**PROBLEM DETAILS:** Every line from the one with "Gambar Makanan Francesco's Pizza 4" to the one with "1075 Warwick Circle", including those two, is to be copied exactly; all other lines of the entries below are left out.

**DATA TO USE:**
※ ※ ※

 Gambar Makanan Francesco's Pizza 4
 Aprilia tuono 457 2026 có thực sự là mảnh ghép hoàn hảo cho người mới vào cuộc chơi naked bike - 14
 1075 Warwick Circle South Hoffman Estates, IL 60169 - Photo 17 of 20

※ ※ ※

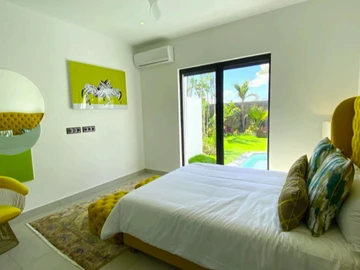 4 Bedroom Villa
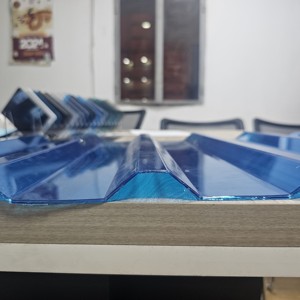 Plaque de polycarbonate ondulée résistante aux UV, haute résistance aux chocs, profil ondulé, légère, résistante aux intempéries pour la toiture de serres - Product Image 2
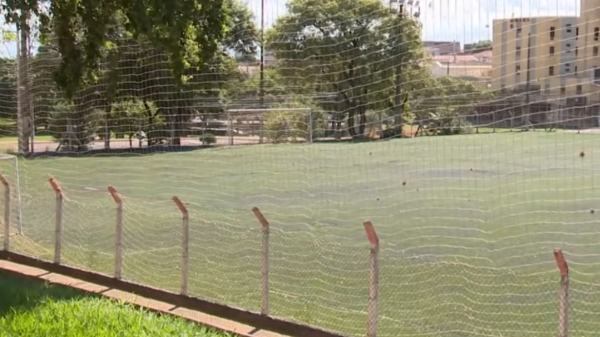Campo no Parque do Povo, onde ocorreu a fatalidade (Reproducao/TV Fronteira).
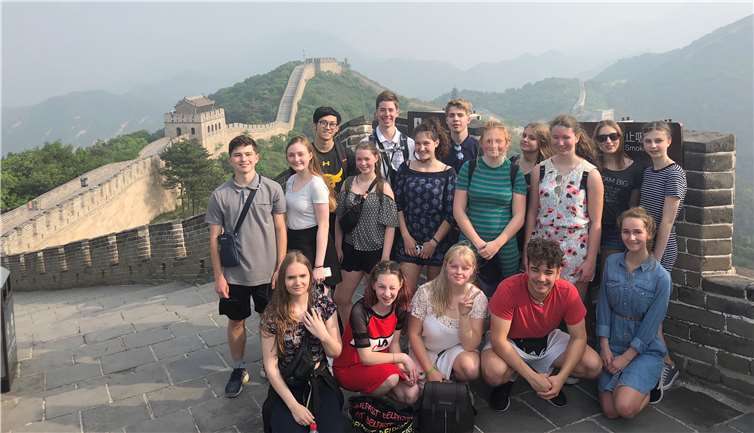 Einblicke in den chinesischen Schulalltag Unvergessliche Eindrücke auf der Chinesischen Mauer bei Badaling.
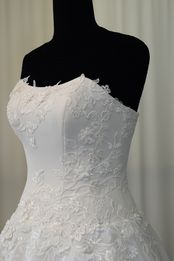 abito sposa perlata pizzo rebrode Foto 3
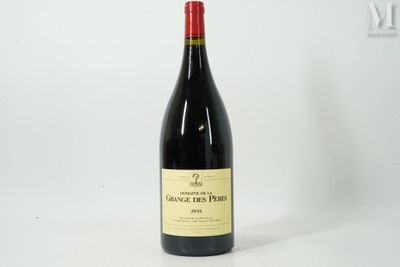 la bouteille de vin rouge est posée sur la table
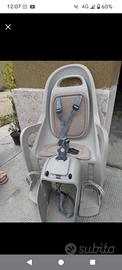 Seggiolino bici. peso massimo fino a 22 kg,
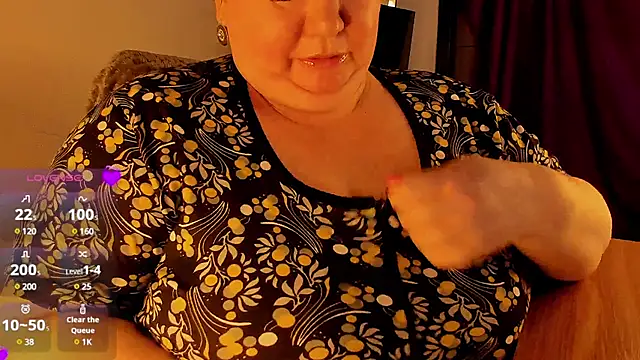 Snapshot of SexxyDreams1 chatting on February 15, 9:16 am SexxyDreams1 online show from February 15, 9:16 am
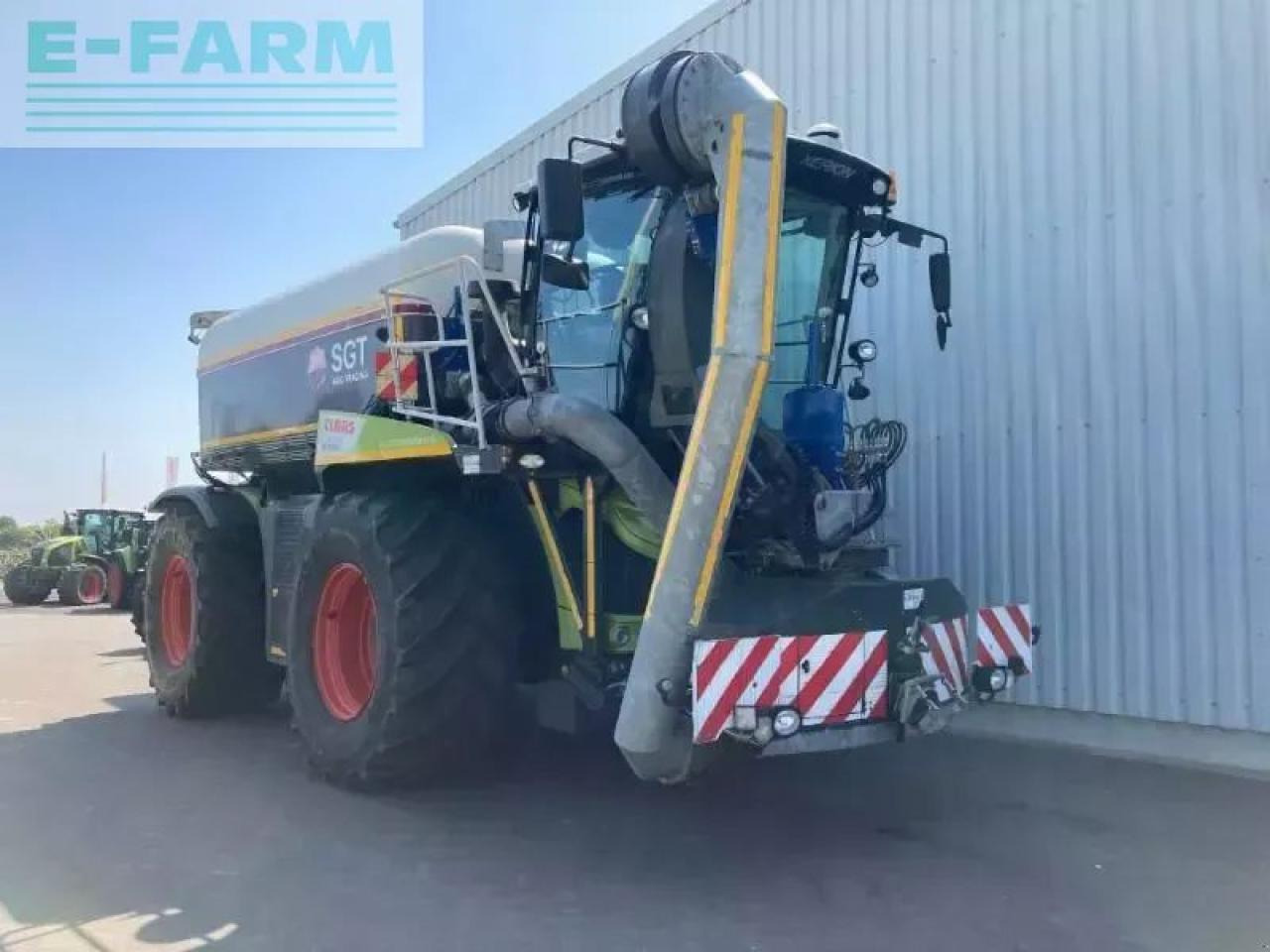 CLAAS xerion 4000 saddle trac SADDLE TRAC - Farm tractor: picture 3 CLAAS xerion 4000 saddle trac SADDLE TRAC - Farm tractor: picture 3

※ ※ ※

**ANSWER SPACE:**
 Gambar Makanan Francesco's Pizza 4
 Aprilia tuono 457 2026 có thực sự là mảnh ghép hoàn hảo cho người mới vào cuộc chơi naked bike - 14
 1075 Warwick Circle South Hoffman Estates, IL 60169 - Photo 17 of 20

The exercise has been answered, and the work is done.